Em março de 1979 assume o general João Baptista de Oliveira Figueiredo, cujo governo, segundo o autor, foi marcado, por um lado, pela abertura política, e por outro, pela crise econômica. Figueiredo concedeu a anistia a todos que tiveram seus direitos políticos suspensos durante o regime militar, oportunizando o retorno ao país dos principais líderes políticos de oposição ao regime militar. Nesse período, iniciou- se a reorganização partidária e a construção dos mecanismos de transição para o Estado de Direito.
A instabilidade econômica, produzida pelos grandes gastos públicos e pelos grandes investimentos, em período de crise internacional, aumentaram ainda mais o clima de insatisfação contra o regime militar, produzindo o maior movimento de massas da história do país: o movimento das ‘Diretas’.
Graças às medidas instituídas pelos governos militares a estrutura tributária no Brasil se consolidou, com destaque para a criação do FGTS, unificação do sistema de Previdência, bem com para as criações do ISS, do ICM e IPI.
Conclui o autor afirmando que embora o regime militar tenha transformado as estruturas produtiva e financeira do país, deixou um passivo que levou muito tempo para ser equacionado.
Na década de 1990, veio o plano real e o Brasil entrou na área da globalização durante o governo FHC, que abraçou o neoliberalismo. Apesar de ter patrocinado oito anos de estabilidade econômica, o sociólogo Fernando Henrique Cardoso não conseguiu eleger seu sucessor e a estrela do PT caminhou triunfalmente pelas, nos braços do povo, que queria ver um operário ocupar a presidência da República e Luís Inácio Lula da Silva foi eleito presidente.
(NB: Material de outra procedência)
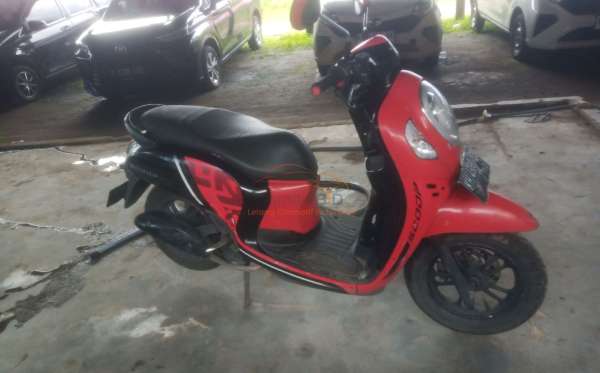 HONDA SCOOPY CW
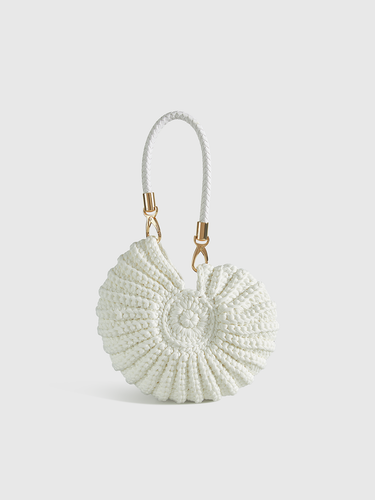 Crocheted Conch-Shaped Handbag 0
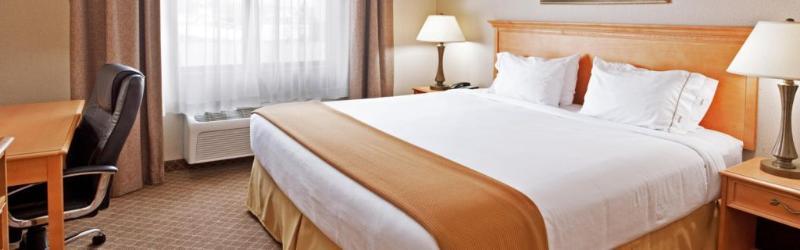 Holiday Inn Express Hotel & Suites Chesterfield - Selfridge Area By Ihg Екстериор снимка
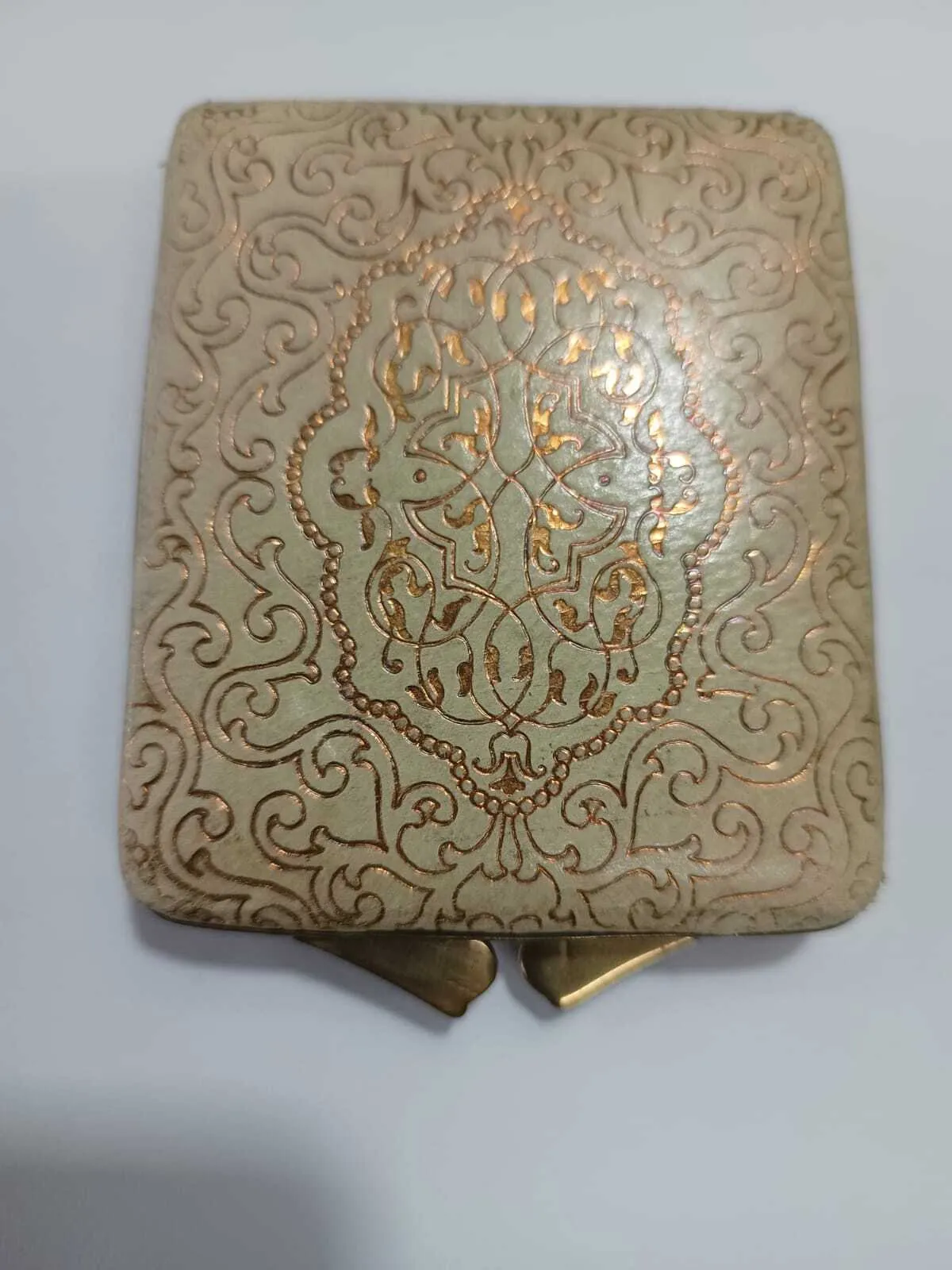 POLVERA  FILIGRANADO DORADO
Autor informa que logo no início de seu governo, Lula reforçou a decisão de firmeza no combate à inflação e de rigor no ajuste fiscal, enviando para o Congresso um projeto de reforma da Previdência ainda mais profundo do que a reforma executada no governo anterior, contrariando a direção do Partido dos Trabalhadores, o que fez com que o mercado financeiro internacional passasse a acreditar em suas ações. Assim, ao mesmo tempo, o risco-país e o dólar começaram a cair e a confiança no presidente subiu de forma acentuada.
Lula soube aproveitar bem as oportunidades oferecidas pelo crescimento da economia internacional, diversificando o número de parceiros comerciais e atuando de forma agressiva no comércio exterior. Por outro lado, a queda da inflação permitiu reduzir a taxa básica de juros e impulsionar o volume de crédito na economia. Acrescenta Leite Júnior que a estabilidade econômica, durante o governo Lula I contribuiu para o crescimento do número de empregos formais e para a queda do índice de desemprego no país. E, que mais importante do que os resultados positivos nos campos econômico e social, foi a consolidação do processo democrático.
Afirma Leite Júnior, que o segundo governo Lula, visando retomar o processo de crescimento do PIB, instituiu o Plano de Aceleração do Crescimento (PAC), com investimentos centralizados nas áreas de infra-estrutura energética, infra-estrutura social e urbana, e infra-estrutura logística. E, que o governo enviou ao Congresso uma proposta de reforma tributária com a pretensão de criar o Imposto sobre Valor Agregado (IVA), incorporando a COFINS, o PIS, a CIDE, o Salário-Educação, a CSLL e o IRPJ, unificando também as legislações tributárias estaduais.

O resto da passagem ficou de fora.